At this point, your conscience might call for your next unit of physical activity. In the afternoon, take a long jog along the Tiber River, which has been the pathway of trade and commerce throughout Rome’s history. Criss-cross from one side of the Tiber to the other on ancient bridges and pass notable landmarks like Castel Sant’Angelo and Isola Tiberina.

As the day cools off, head to the Spanish Steps. Take a breather and watch the crowds disperse. Then, if your legs haven’t had enough for the day, pick yourself up and make your way to the top.



On day two, take a stroll past St. Peter’s Basilica, and head up to the Musei Vaticani. With its fifty-four galleries and miles of artwork, including some of the most important pieces of Renaissance art and sculpture, this museum will keep you on your feet for hours (or even days). Consider booking a private tour through Musement to see all of the Vatican efficiently and skip long lines. On your way out, stop by the famous double helix spiral staircase (also known as the Momo Staircase).

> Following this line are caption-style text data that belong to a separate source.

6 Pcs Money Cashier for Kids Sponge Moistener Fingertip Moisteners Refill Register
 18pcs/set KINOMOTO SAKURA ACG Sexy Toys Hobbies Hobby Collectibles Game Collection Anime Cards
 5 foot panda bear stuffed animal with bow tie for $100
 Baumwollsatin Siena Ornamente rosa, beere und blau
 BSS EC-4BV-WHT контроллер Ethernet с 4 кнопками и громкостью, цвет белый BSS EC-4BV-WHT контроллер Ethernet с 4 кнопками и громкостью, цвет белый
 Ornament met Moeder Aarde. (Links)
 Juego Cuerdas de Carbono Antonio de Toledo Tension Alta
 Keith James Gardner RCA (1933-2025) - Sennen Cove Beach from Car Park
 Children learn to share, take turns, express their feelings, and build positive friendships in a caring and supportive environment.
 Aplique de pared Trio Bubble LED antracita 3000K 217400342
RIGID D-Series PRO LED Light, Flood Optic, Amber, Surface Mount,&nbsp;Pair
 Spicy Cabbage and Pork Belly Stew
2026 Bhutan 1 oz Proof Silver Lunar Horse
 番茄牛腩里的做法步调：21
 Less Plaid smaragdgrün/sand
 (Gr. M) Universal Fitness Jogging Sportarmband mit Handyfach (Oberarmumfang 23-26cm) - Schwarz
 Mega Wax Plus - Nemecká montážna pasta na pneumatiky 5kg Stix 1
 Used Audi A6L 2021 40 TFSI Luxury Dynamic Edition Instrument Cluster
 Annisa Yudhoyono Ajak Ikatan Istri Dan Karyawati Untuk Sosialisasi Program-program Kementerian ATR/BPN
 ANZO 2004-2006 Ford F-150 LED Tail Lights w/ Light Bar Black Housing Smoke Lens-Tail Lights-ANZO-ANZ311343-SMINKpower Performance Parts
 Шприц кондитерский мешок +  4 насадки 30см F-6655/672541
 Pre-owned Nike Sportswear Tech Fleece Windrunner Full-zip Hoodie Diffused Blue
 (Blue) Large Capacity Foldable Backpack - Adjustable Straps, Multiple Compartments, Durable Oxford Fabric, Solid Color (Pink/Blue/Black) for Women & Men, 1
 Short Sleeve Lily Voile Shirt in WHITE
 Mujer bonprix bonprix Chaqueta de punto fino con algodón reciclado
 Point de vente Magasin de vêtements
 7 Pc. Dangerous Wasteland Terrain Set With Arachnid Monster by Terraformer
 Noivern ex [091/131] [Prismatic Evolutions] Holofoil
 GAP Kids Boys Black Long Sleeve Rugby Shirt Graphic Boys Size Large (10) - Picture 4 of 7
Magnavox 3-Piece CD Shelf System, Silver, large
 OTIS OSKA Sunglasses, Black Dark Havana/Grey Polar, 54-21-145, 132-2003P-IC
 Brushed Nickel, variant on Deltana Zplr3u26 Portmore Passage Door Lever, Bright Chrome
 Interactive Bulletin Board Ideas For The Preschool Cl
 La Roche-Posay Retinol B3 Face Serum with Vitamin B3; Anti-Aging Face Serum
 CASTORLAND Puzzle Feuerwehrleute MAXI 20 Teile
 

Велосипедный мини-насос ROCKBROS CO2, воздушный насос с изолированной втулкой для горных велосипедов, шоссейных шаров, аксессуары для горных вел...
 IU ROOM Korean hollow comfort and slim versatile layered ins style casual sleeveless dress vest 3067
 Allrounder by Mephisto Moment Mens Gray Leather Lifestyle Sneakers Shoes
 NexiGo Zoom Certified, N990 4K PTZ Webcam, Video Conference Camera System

Once your tour of the Vatican is complete, cross back from the Vatican into Rome. Wander through Prati, a neighborhood that is often overlooked, and take in the neat, tree-lined streets and alluring architecture. Then, give your feet a break, relax with an aperitivo at Sorpasso, and consider diving into their fantastic selection of artisanal cheeses.

From Prati, head over to nearby Castel Sant’Angelo, a landmark along the Tiber once also used by popes as a fortress, or venture a bit further to Vittorio Emanuele II, a monument to commemorate the first king of a united Italy. Both sites offer a great spot from which to watch the sun set and both involve a fair stair climb to continue burning calories.


The crest of Castel Sant’Angelo rewards you with some of the best views of the Tiber, the Vatican, and the center of Rome; from Vittorio Emanuele, you’ll have an unobstructed panorama from the Colosseum on one side to Piazza Venezia on the other.

If you chose Vittorio Emanuele for sunset, I’d suggest making your way to the Rione Monti neighborhood afterward and paying a visit to Ai Tre Scalini or Libreria Caffè Bohemien. Both are excellent options for aperitivi, the former an ancient wine bar dating back to 1895, and the latter with rich interiors and a classic feel.

After a busy second day around Rome, you deserve a reward after your climbing and perambulations. Make a reservation at Da Pietro or Al Moro in the center for mouth-watering Roman specialties like carciofi alla romana, spaghetti cacio e pepe and spaghetti alla carbonara, each perfectly palatable in preparation and setting.